#### [About this exercise]
Print the records below once again, exactly as they were given.

#### [Data listing]
****************
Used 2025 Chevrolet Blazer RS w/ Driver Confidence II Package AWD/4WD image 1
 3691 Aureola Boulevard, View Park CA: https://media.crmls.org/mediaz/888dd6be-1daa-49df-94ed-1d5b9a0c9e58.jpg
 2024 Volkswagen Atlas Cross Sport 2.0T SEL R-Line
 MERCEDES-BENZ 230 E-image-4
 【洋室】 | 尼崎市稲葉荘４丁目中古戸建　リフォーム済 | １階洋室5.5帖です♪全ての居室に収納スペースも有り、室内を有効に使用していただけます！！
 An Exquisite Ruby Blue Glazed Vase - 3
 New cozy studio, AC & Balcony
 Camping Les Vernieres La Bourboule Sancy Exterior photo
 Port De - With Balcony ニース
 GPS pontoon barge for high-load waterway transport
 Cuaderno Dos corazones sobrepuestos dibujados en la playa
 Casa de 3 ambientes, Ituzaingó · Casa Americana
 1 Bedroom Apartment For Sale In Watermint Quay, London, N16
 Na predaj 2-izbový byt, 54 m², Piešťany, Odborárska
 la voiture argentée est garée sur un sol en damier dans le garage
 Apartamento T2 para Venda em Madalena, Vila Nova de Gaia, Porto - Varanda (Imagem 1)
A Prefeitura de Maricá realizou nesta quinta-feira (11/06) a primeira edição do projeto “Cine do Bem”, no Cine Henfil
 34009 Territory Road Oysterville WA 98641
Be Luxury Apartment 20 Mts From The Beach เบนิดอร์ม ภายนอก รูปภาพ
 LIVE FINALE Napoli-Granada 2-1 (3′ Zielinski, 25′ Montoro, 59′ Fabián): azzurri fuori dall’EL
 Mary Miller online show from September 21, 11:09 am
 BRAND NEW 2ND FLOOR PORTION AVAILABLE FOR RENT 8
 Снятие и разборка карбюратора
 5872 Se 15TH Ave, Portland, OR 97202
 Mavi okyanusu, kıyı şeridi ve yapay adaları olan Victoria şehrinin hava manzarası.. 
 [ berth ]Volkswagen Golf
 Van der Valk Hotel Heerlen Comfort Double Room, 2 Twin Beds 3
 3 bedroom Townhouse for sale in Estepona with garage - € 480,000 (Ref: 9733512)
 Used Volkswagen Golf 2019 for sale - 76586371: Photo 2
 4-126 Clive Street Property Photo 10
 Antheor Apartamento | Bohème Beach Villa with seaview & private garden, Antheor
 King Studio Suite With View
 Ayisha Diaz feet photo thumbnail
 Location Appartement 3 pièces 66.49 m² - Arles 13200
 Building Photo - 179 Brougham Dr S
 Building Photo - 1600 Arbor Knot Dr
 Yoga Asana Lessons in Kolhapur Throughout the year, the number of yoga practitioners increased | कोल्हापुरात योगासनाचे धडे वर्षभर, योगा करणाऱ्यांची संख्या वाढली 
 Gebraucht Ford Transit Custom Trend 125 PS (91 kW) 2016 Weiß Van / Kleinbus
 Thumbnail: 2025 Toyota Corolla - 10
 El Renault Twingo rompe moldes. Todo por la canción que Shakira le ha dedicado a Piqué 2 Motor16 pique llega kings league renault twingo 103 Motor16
****************
#### [Exercise result]
Used 2025 Chevrolet Blazer RS w/ Driver Confidence II Package AWD/4WD image 1
 3691 Aureola Boulevard, View Park CA: https://media.crmls.org/mediaz/888dd6be-1daa-49df-94ed-1d5b9a0c9e58.jpg
 2024 Volkswagen Atlas Cross Sport 2.0T SEL R-Line
 MERCEDES-BENZ 230 E-image-4
 【洋室】 | 尼崎市稲葉荘４丁目中古戸建　リフォーム済 | １階洋室5.5帖です♪全ての居室に収納スペースも有り、室内を有効に使用していただけます！！
 An Exquisite Ruby Blue Glazed Vase - 3
 New cozy studio, AC & Balcony
 Camping Les Vernieres La Bourboule Sancy Exterior photo
 Port De - With Balcony ニース
 GPS pontoon barge for high-load waterway transport
 Cuaderno Dos corazones sobrepuestos dibujados en la playa
 Casa de 3 ambientes, Ituzaingó · Casa Americana
 1 Bedroom Apartment For Sale In Watermint Quay, London, N16
 Na predaj 2-izbový byt, 54 m², Piešťany, Odborárska
 la voiture argentée est garée sur un sol en damier dans le garage
 Apartamento T2 para Venda em Madalena, Vila Nova de Gaia, Porto - Varanda (Imagem 1)
A Prefeitura de Maricá realizou nesta quinta-feira (11/06) a primeira edição do projeto “Cine do Bem”, no Cine Henfil
 34009 Territory Road Oysterville WA 98641
Be Luxury Apartment 20 Mts From The Beach เบนิดอร์ม ภายนอก รูปภาพ
 LIVE FINALE Napoli-Granada 2-1 (3′ Zielinski, 25′ Montoro, 59′ Fabián): azzurri fuori dall’EL
 Mary Miller online show from September 21, 11:09 am
 BRAND NEW 2ND FLOOR PORTION AVAILABLE FOR RENT 8
 Снятие и разборка карбюратора
 5872 Se 15TH Ave, Portland, OR 97202
 Mavi okyanusu, kıyı şeridi ve yapay adaları olan Victoria şehrinin hava manzarası.. 
 [ berth ]Volkswagen Golf
 Van der Valk Hotel Heerlen Comfort Double Room, 2 Twin Beds 3
 3 bedroom Townhouse for sale in Estepona with garage - € 480,000 (Ref: 9733512)
 Used Volkswagen Golf 2019 for sale - 76586371: Photo 2
 4-126 Clive Street Property Photo 10
 Antheor Apartamento | Bohème Beach Villa with seaview & private garden, Antheor
 King Studio Suite With View
 Ayisha Diaz feet photo thumbnail
 Location Appartement 3 pièces 66.49 m² - Arles 13200
 Building Photo - 179 Brougham Dr S
 Building Photo - 1600 Arbor Knot Dr
 Yoga Asana Lessons in Kolhapur Throughout the year, the number of yoga practitioners increased | कोल्हापुरात योगासनाचे धडे वर्षभर, योगा करणाऱ्यांची संख्या वाढली 
 Gebraucht Ford Transit Custom Trend 125 PS (91 kW) 2016 Weiß Van / Kleinbus
 Thumbnail: 2025 Toyota Corolla - 10
 El Renault Twingo rompe moldes. Todo por la canción que Shakira le ha dedicado a Piqué 2 Motor16 pique llega kings league renault twingo 103 Motor16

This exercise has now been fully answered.